A good number of worthy columnists and faithful members of the Mexican commentocracy have analyzed the new turn to the right in several Latin American countries. The recent elections – or in any case since a couple of years ago – in Argentina, Chile, Bolivia, Ecuador, Peru and now Colombia, without forgetting Costa Rica, have produced favorable results not only for right-wing candidates – which some call far-right – but contenders with many common points between them, and with positions that are more extreme than those of a certain traditional right that dominated part of the ideological and political spectrum of these countries.
Kast aspires to be much more radical than Piñera was in Chile, although it is not certain that he can achieve it. De la Espriella intends to be much more draconian in his fight against drug trafficking and his alignment with the United States than Iván Duque was recently, and of course Juan Manuel Santos — who has never really belonged to the Colombian right — or even Álvaro Uribe. And while Keiko Fujimori sometimes seeks to emphasize her father’s more social and centrist legacy, she has also assumed more virulent positions than the traditional Peruvian right.

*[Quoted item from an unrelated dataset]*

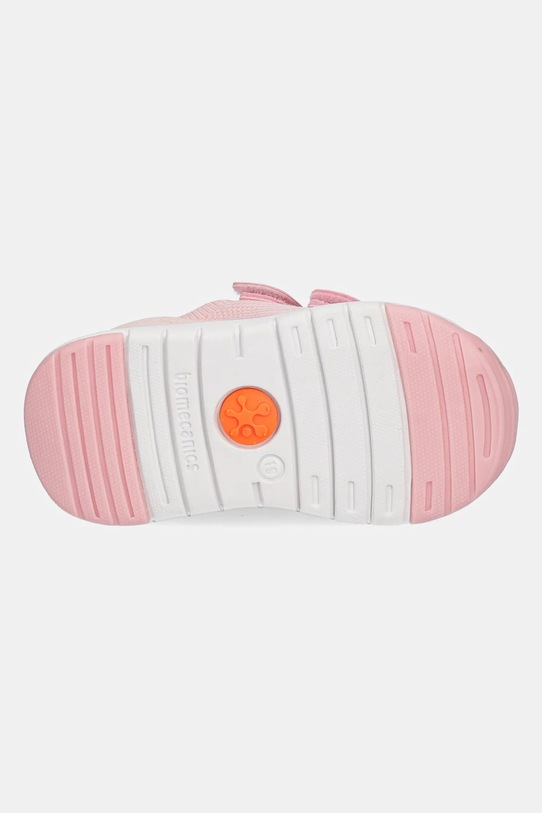 Дитячі кросівки Biomecanics 252130.G рожевий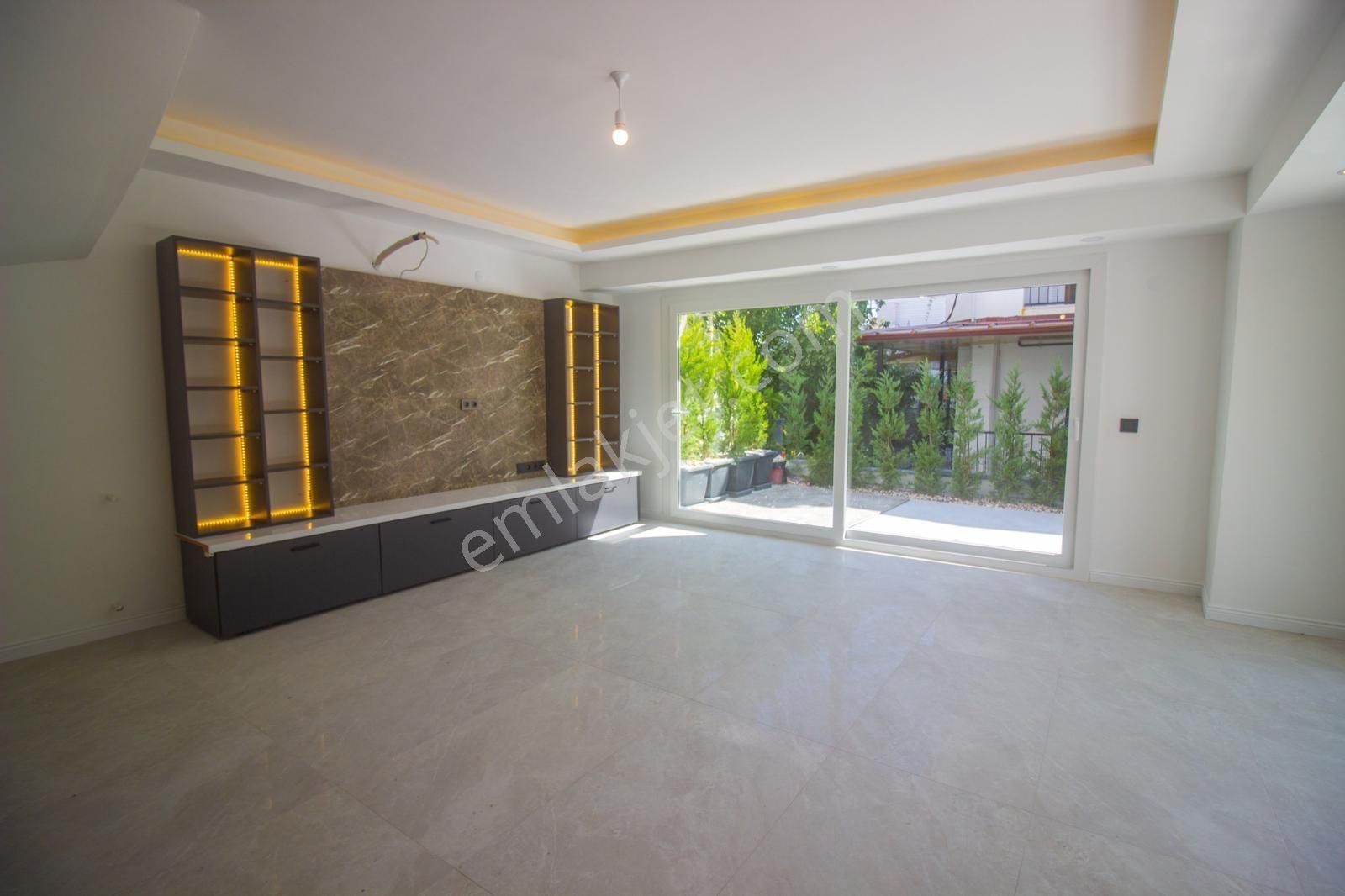 ++bıg Group** Kadınlar Denizi,köşe Konum.içi Yenilenmiş,deniz Manzaralı Villa - Görsel 14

Another common characteristic that these candidates turned rulers have is their clear affinity or sympathy for Donald Trump. Many of them received the explicit support of the US president: Milei, Noboa, de la Espriella, Kast. They have already begun, or have promised to do so very soon, to participate in the Shield of the Americas, the militarist and anti-drug front that Trump and Rubio have launched. In this sense, too, perhaps these new right-wing leaders are different from the traditional conservative currents in Latin America, which were not all blindly pro-American. And if it were not enough to seek proximity to MAGA in the United States, some of the leaders already mentioned are also trying to get closer to right-wing – or extreme right – forces in France, Germany, England and Spain, and to a lesser extent in Italy.
This trend represents a great challenge for countries that, for now, are exceptions to this conservative tide, to which we cannot apply a color label, although some, such as The Economisthave dared to paint it orange, more because of the color of Donald Trump’s hair than because of the revolutions in Eastern Europe. Firstly, governments such as those of Mexico, Brazil and Uruguay today find themselves much more isolated in the region than before. And this, although it will probably not affect the Brazilian electoral result towards the end of the year – Lula seems to be the exception to the orange tide – does make it difficult for them to continue holding pro-Cuban, pro-Nicaraguan, anti-imperialist, anti-Israel positions, and a certain neutrality in the face of the Russian invasion of Ukraine.
The challenge becomes more acute when one incorporates into the analysis the probable outcome of the elections that will take place in Spain before the spring of 2027, where the PSOE, burdened by corruption scandals that have tarnished its good economic leadership, – the best performance in the European Union – and may lose power to the PP, with or without the tacit or explicit support of Vox. If we go to the Barcelona Summit, which Claudia Sheinbaum attended, of the various leaders present there, it is possible that by next year only she and Lula will remain in power in Brazil, and who knows.
The second challenge has already been pointed out by many analysts for some time. It consists of the central issue that has brought the orange tide to power in these Latin American countries: security. With or without reason—in Chile and Argentina it is evident that there are exaggerations—the electorates of these countries have entered into a true panic in the face of the perception and reality of a rise in crime, criminality, the strength of organized crime, and the seduction of aberrant models like that of Bukele in El Salvador.
This has left a good part of the Latin American left helpless, which, as Pérez Ricart says in Reform Today, he always preferred to talk about the root causes of violence. But, in addition – and this is not mentioned enough – it has not known how to dissociate the need for democratic, effective and forceful security policies from the undeniable repressive antecedents in Latin America. People like Lucía Dammert in Chile, or Lisa Sánchez in Mexico, have shown how the Latin American left breaks out in hives at the idea of a democratic security policy (the term Uribe used) to reassure voters, both those who really have reason to feel afraid and those who only get hysterical over news that does not necessarily reflect a more complex reality.
Sheinbaum is a bit like some others in this matter. Obviously, he is terrified of repression, although at the same time he has ordered the arrest of tens of thousands of people in less than two years of his presidency, the vast majority still without trial or sentence. But we saw it with the Coordinator and the Searching Mothers before the World Cup. The memories of ’68, ’71 and other moments in Mexico’s modern history prevent him from applying the law. It is understood. But this, without a doubt, opens the way to positions like those that have emerged and won in the other Latin American countries that we have mentioned. This is something that will have to be followed carefully.